Chciałem poznać Waszą opinie na temat mojego zespołu, a raczej muzyki ;).
Zespół liczy 4 młode osoby, jesteśmy z Legnicy, ostatnio nagraliśmy demo i
chętnie wysłucham wszystkich uwag i opinii.

www.flex.art.pl to strona zespołu, w dziale mp3 znajdują się mp3jki 😉
Informuje, że nie są to żadne garażowe dema ;P

dzięki i pozdrawiam ! 😉

Podziel się swoją opinią

33 komentarze

  1. Kurcze, fajnie gracie!

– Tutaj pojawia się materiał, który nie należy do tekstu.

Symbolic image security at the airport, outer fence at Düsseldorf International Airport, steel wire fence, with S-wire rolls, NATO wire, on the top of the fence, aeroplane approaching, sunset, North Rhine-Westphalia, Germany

Popracuj trochę nad artykulacja:P I zainwestujcie w
    lepsze studio, albo niech kto inny to zmiksuje, bo jest balagan staszny… Ja
    bym dal gitarom trochę mniej przestrzeni w panoramie i je przyciszyl, ale za to
    poszerzylbym wokal, bo brzmi strasznie „ze srodka”. Nie zmienia to faktu, ze
    Wasza wokalistka umie spiewac i robi to fajosko.

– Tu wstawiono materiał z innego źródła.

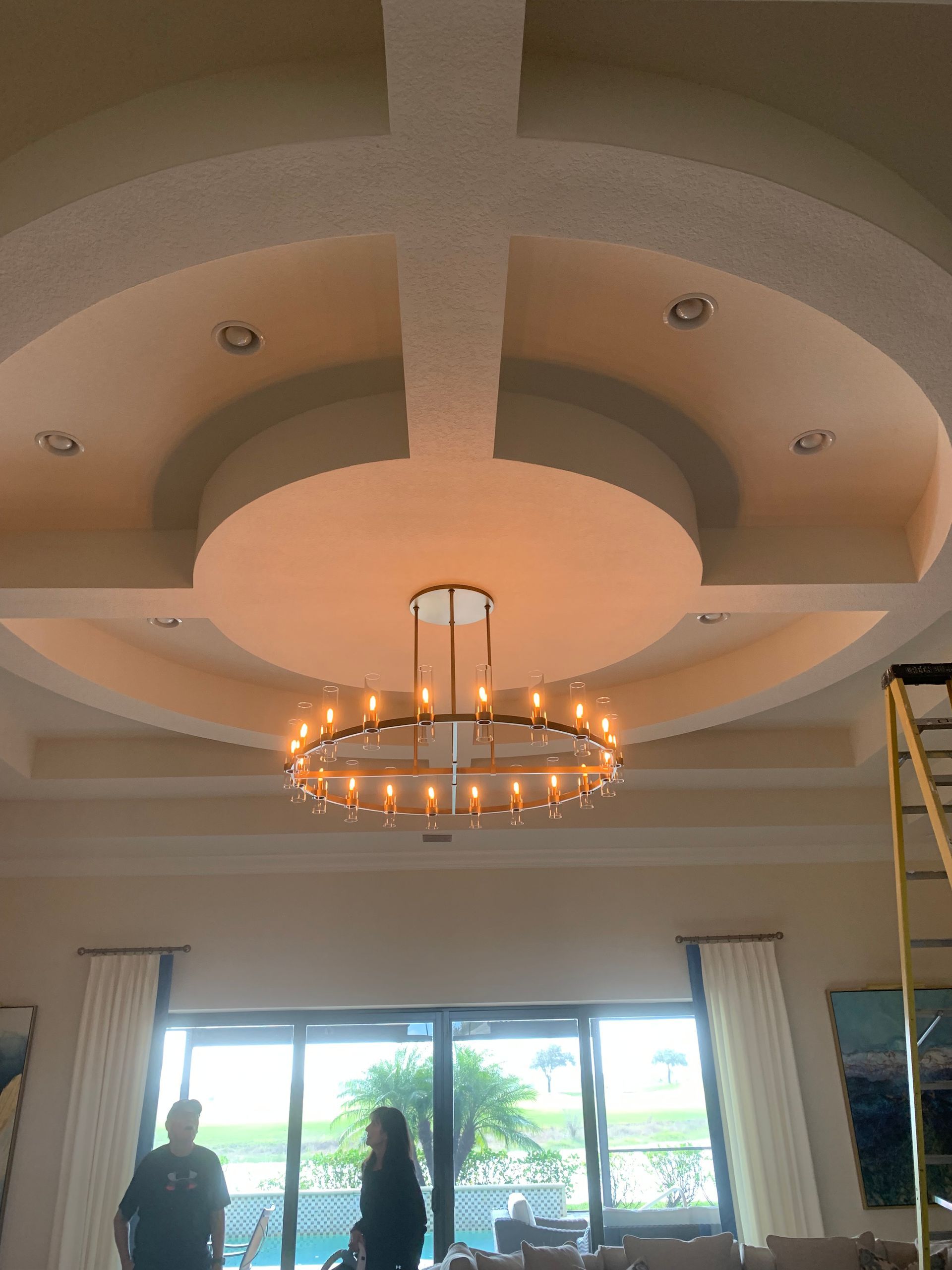 Elegant living room with a large chandelier, tray ceiling, and sliding glass doors to a patio.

    Kawalek „Gdy koczy się dzien” leci już 3 raz u mnie 🙂

    Edit: Kurde bele, czlowieku! Wlasnie obejrzalem sobie galeryje na Waszej
    stronie. Co trzeba robic, by mieć taki tlumek niewiast pod scena? 😉

  2. dzięki ! 🙂

    Studio było niskobudżetowe, 40zł za godzine, ogólnie niby tylko demo 🙂 Mix
    robiony przez znajomego, może płatny byłby lepsze 😉

    Ciesze się, że wokal się podoba, bo tutaj różne opinie chodzą 🙂 ale
    dziewczyna ma dopiero 15 lat w sumie 🙂

    Dzięki za te uwagi i wezme je na pewno pod uwage 🙂 i ciesze się, że Gdy
    kończy się dzień przypadł do gustu ;D

    taki tlumek niewiast, a mianowicie rada jest prosta, trzeba mieć wokalistke z
    gimnazjum, która ma mnóstwo koleżanek ;P Ah, no i wiadomo, ze my też ich
    trochę mamy ;P

  3. No fajne fajne. Przyłączam się do rady medoramasa żeby podgłośnić i
    poszerzyć wokal. Trochę słychać w nim jeszcze taką dziecinną barwę, ale
    chyba się wyrobi z czasem (tak mi się wydaje). Fajne pomysły macie i fajną
    salkę 🙂

  4. Sama muzyka kojarzy mi się z 2tm2,3 (zwrotka Gdy kończy się dzień), Armią
    i trochę z Incubusem (wiara w marzenia 0:23-0:35 głównie) – sam się trochę
    zdziwiłem ale na skojarzenia nic nie poradzę. Ogólnie całkiem ciekawa
    sprawa, przyjemnie się tego słucha.

    Co do wokalu – ta dziecinna barwa o której wspomniał puciak trochę mnie
    wnerwia. Ale potencjał ma i fajnie śpiewa – dbajcie o nią.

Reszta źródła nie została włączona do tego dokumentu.